Orang dewasa sebagai peserta didik berbeda sekali dengan anak usia dini dan remaja. Proses pembelajaran orang dewasa sangat unik karena proses belajar akan berlangsung apabila mereka terlibat langsung, ide dapat dihargai, dan materi ajar yang benar-benar dibutuhkan atau berkaitan dengan profesi serta hal baru bagi mereka (Najamuddin, tth).

Menurut Saraka tahun 2001 dalam (Kamil, tth), pada umumnya orang dewasa mereka memiliki kemampuan membaca, menulis, menghitung,  menguasai kemampuan verbal dan kecakapan mengambil keputusan yang relevan dengan kebutuhan pribadi serta tuntutan sosialnya. Karakteristik orang dewasa beragam sekali. Oleh karena itu diperlukan juga pemahaman mengenai bagaimana orang dewasa belajar untuk dapat mencapai hasil belajar yang optimal.

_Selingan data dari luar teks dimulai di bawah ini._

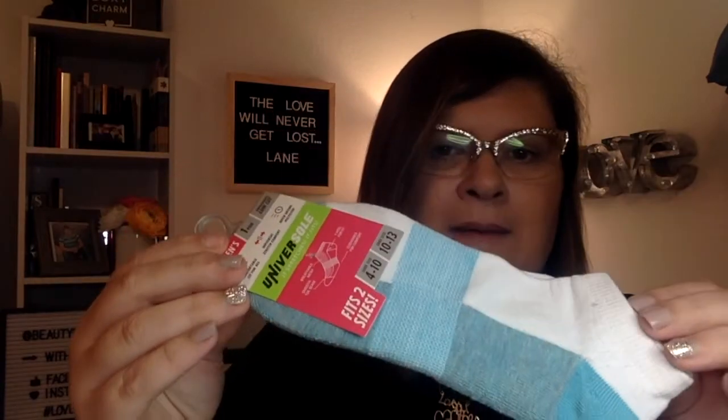One thing they always say you should buy at Dollar Tree is socks. I wear a size 10 and every time I go they have four-to-nine or five-to-nine, so I always miss out. But this time I found a pair that fits four-to-ten and ten-to-thirteen. I got two pairs — one regular and one black and pink. My husband gets mad because I like ankle socks, but if you see these in your size, grab them because they don't last long.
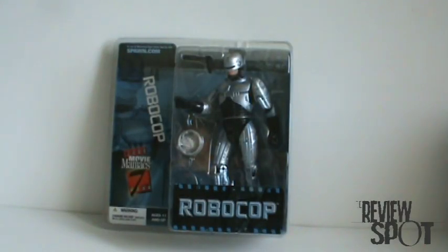On today's Toy Spot, we'll be looking at McFarlane's Movie Maniac Series 7, RoboCop.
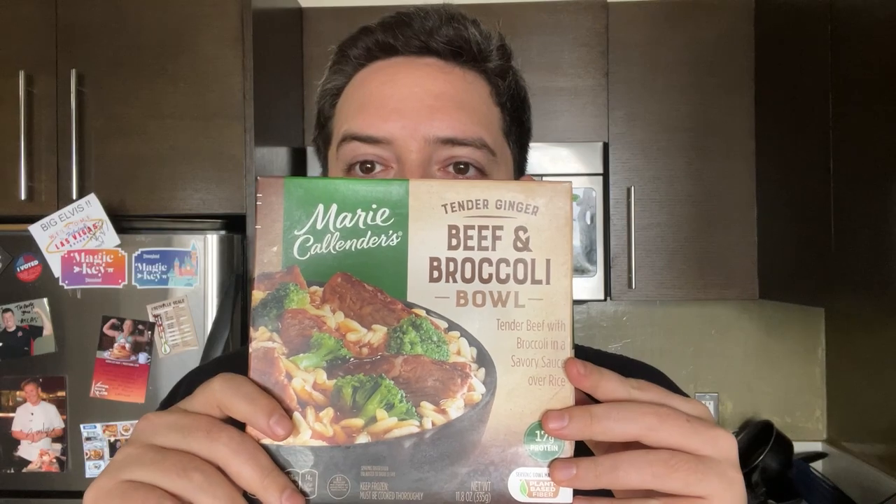Hey guys, it's time for another frozen food review. Today I got the beef and broccoli — Marie Callender's beef and broccoli.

Menurut Pannen dan Malati (1994), proses belajar orang dewasa mempunyai beberapa tahapan, yaitu :
  1. Kesadaran, yaitu pengenalan terhadap materi yang dipelajari
  2. Pemahaman, mulai dapat memahami konsep atau prinsip bahan yang dipelajari
  3. Keterampilan, bila di dalam proses pembelajaran diberikan kesempatan untuk praktek, peserta akan dapat mencapai tahap penguasaan keterampilan
  4. Penerapan pengetahuan dan keterampilan
  5. Sikap, setelah menerapkan pengetahuan dan mempraktekkan peserta akan mempunyai sikap tertentu
Berdasarkan tahapan tersebut, ketika memulai proses pembelajaran orang dewasa tersebut harus menyadari betul kebutuhan belajarnya dan keterkaitan materi yang dipelajari terhadap kebutuhan tersebut. Kesadaran ini akan mendorong mereka untuk memahami pengetahuan dan menguasai keterampilan yang harus dipelajari. Selanjutnya menerapkan pengetahuan dan keterampilan dalam kehidupan sehari-hari. Konsekuensi dari pengalaman setelah menerapkan tersebut, akan muncul sikap, baik positif maupun negatif. Tentu saja ketika orang dewasa mendapatkan manfaat dari hal yang dipelajari akan muncul sikap positif dan sebaliknya apabila mereka tidak mendapatkan manfaat apapun, muncul sikap negatif.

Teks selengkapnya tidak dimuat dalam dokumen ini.